Pathways for Heat: Low Carbon Heat for Buildings

17th November 2014

This report calls on the next Government to set heat as a priority for the coming decade. During the 2010-2015 Parliament, the big energy policy priority was progressing power sector decarbonisation by agreeing Electricity Market Reform. Now Electricity Market Reform is legislated and being implemented, it is time for policy-makers to reassess their priorities. We must scale up efforts to prepare for decarbonising heat in buildings by filling the gaps in the evidence that shapes strategy and deploying solutions to develop delivery models and meet targets.

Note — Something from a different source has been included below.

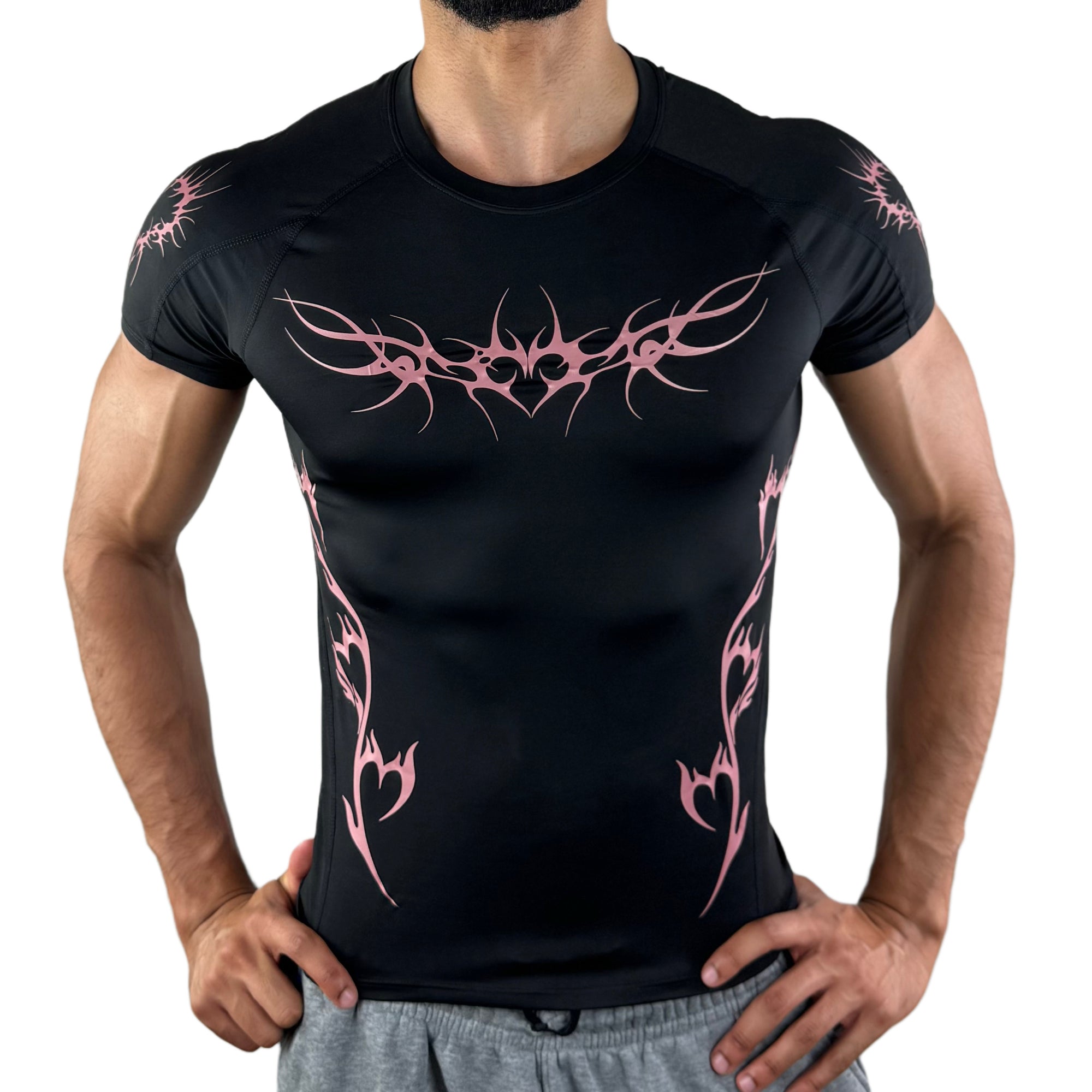 Front view of fitted black gym shirt with symmetrical pink tribal heart designs on chest and torso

Heat accounts for nearly half of the energy consumed in the UK and a third of carbon emissions. Around 80 per cent of heat is used in homes and other buildings, and gas dominates the fuel mix meeting around 80 per cent of consumers’ heating needs. The remaining 20 per cent is mainly industrial process heat, which is also an area in need of more attention from policy makers. Progressively cutting carbon emissions whilst tackling fuel poverty and keeping energy secure will drive a wholesale transformation in the way we heat our homes and buildings. In this inquiry, we have looked at a range of different pathways that the sector could follow to 2050, and two points have become particularly clear. Firstly, we have a range of credible options to decarbonise heat for buildings. Secondly, now is the time to step up our efforts to prepare these and put in place the fundamentals that will deliver more comfortable homes, tackle fuel poverty and decarbonise heat for buildings.